Labeling the myth of flagging deposit growth as just a statistical myth, the study by the State Bank of India Research suggests that deposit growth in the banking sector has outpaced credit growth in the last three years. The report has revealed that incremental deposit growth at Rs 61 trillion has outperformed credit growth at Rs 59 trillion since the financial year 2022 (FY22).
In FY23, all scheduled commercial banks registered the highest absolute growth in deposits and credit since 1951-52. Deposits grew by Rs 15.7 lakh crore and credit by Rs 17.8 lakh crore, pushing the incremental credit-deposit ratio to 113 per cent. The report stated that the trend continued in FY24 as the deposits grew by Rs 24.3 lakh crore and credit by Rs 27.5 lakh crore.
On the other hand, the current account savings account (Casa) deposits declined from 43.5 per cent in FY23 to 41 per cent in FY24. The savings bank deposits (SB deposits) fell to the pre-pandemic level of 42 per cent.
The compositional shift in deposit growth is being driven by the rising returns on the term deposits. The report stated that the share of term deposits in total deposits has risen to 59.0 per cent in FY24 from 56.5 per cent in FY23. On an incremental basis, term deposits accounted for nearly 78 per cent of the total deposits in FY24 though the shares of Casa deposits have declined from its 2023 levels.
However, the report highlighted three key issues related to deposit growth namely growth in reserve money (RM), leakages and regulatory dispensation. As per the report, the RM growth has declined to 5.6 per cent on a year-on-year basis (YoY) in March 2024 as against 7.8 per cent a year ago, which may be due to the decline in currency in circulation (CIC) to 3.9 per cent in FY24, compared to 7.8 per cent in FY23 as the withdrawal of Rs 2000 banknotes has contributed to the decline.
Leakages (efflux) are another big contributor, as per the report. SCBs have garnered deposits worth Rs 24.3 trillion in FY24, of which 55 per cent came from households. However, there are leakages from deposits in various forms, as also deposits being appropriated rendering them unavailable for discretionary commercial lending by SCBs.
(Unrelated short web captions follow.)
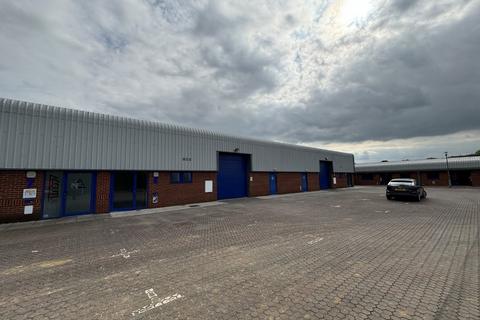 Industrial unit to rent, Cawston, Norwich NR10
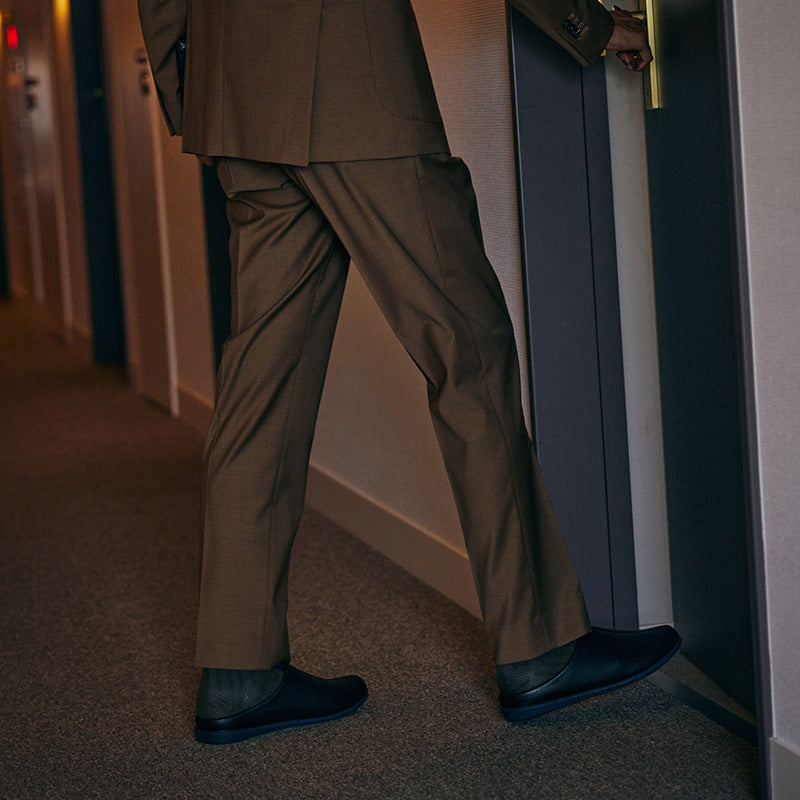 歩くを考えたスリッパ room&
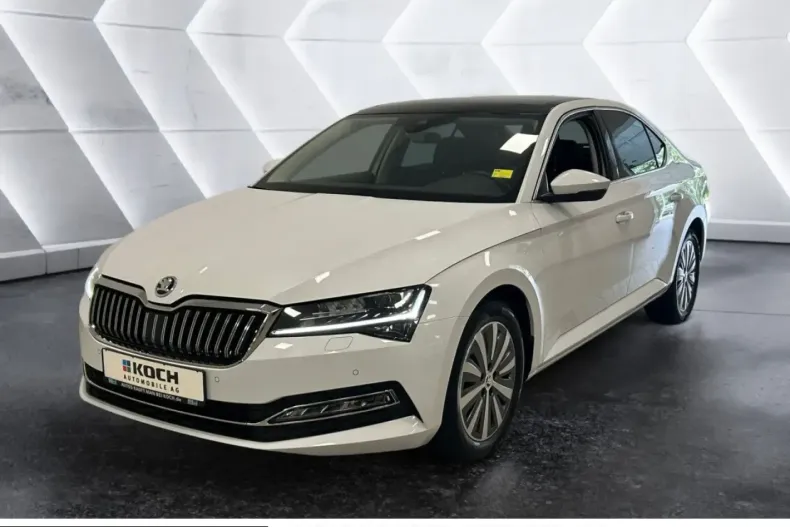 Skoda Superb din 2023 cu 30.650 km - oferta SKO243968 - foto 1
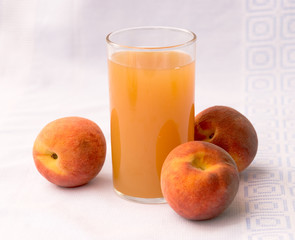Frisch gepresster Pfirsichsaft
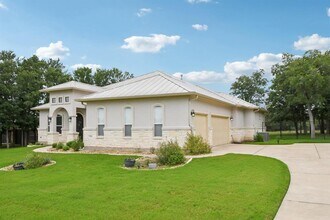124 Abamillo Dr in Bastrop, TX - Building Photo - Building Photo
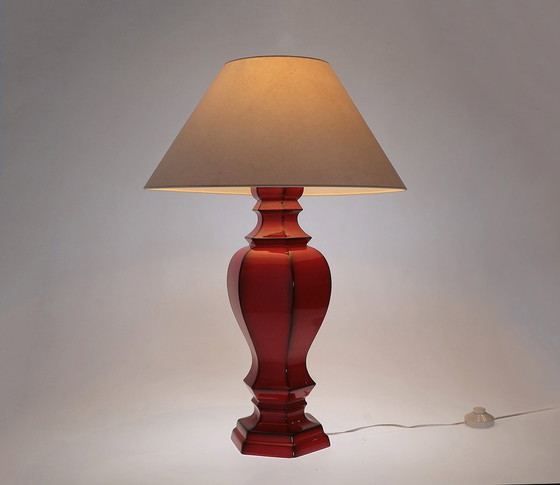 Image 1 of Grand pied de lampe en faïence rouge de Chinoiserie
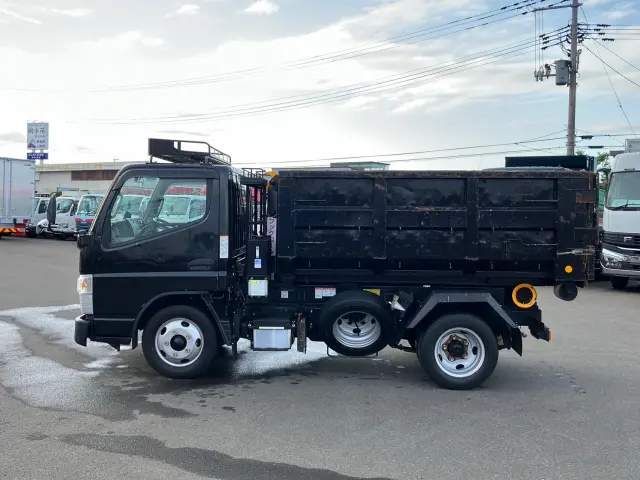 三菱 キャンター 2PG-FBAV0(2WD)の写真5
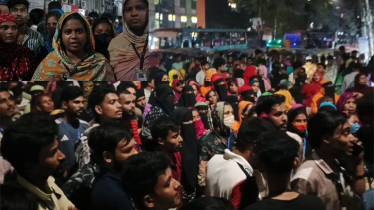 খাবার শেষে ফিরে এসে ফ্যাক্টরি তালাবদ্ধ, বকেয়া বেতনের দাবিতে শ্রমিকদের বিক্ষোভ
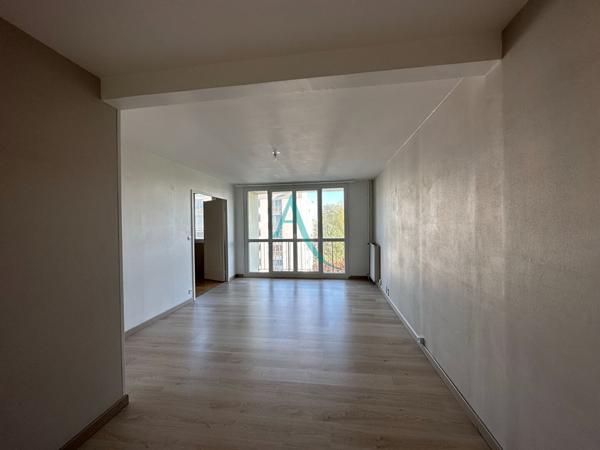 A VENDRE 3 PIECES - TRES BON ETAT CAUCRIAUVILLE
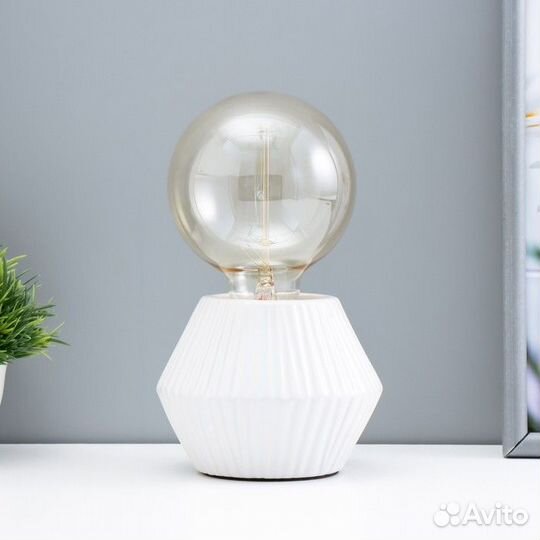 Настольная лампа 'Брис' 1х40Вт Е14 провод-1,6м бел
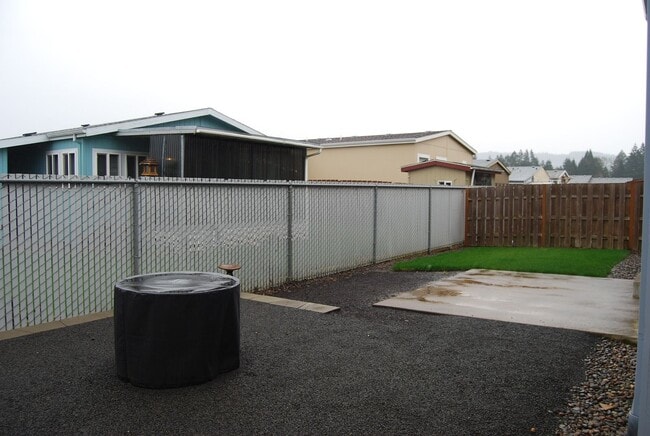 Building Photo - Well Maintained 3 Bedroom 2.5 Bath Newberg OR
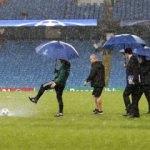 Manchester'da dev maça yağmur engeli!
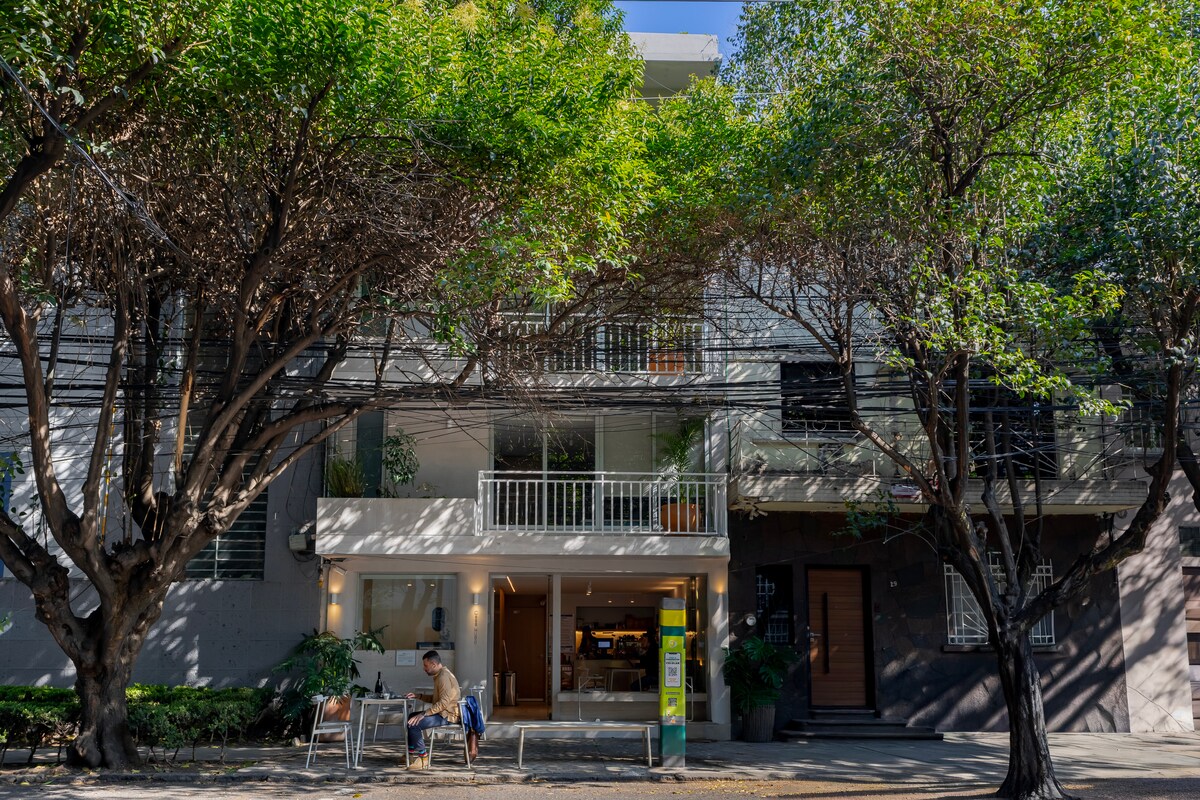 Capitalia | Bright Boutique STD w/Air Conditioning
The SBI research’s report estimates that the leakages from the system could be around Rs 7.5 trillion under base case scenario, out of which Rs 2.1 lakh crore could be due to tax on interest income on deposits (Rs 76,000 crore) and self-assessment tax (Rs 1.29 lakh crore).
Regulatory dispensation plays a major role as far as the growth is concerned. After deducting all the pre-emptive regulations, banks are left with only Rs 41.9 for commercial lending with every deposit of Rs 100. Of this Rs 41.9, almost Rs 15 leakage in the form of currency with public along with government cash balances takes place.
The report highlighted that bank deposits fare low on the returns parameter. 47 per cent of term deposits are now held by senior citizens, implying the younger cohort is increasingly shying away from traditional avenues like bank deposits.
In contrast, the median age of all investors in capital markets is now 32 years with 40 per cent of investors being less than 30 years. The report suggests that the government should tweak the ‘tax on interest on deposits and delink tax treatment at the highest income bucket and tax treatment should be at redemption and not at accrual basis for bank depositors.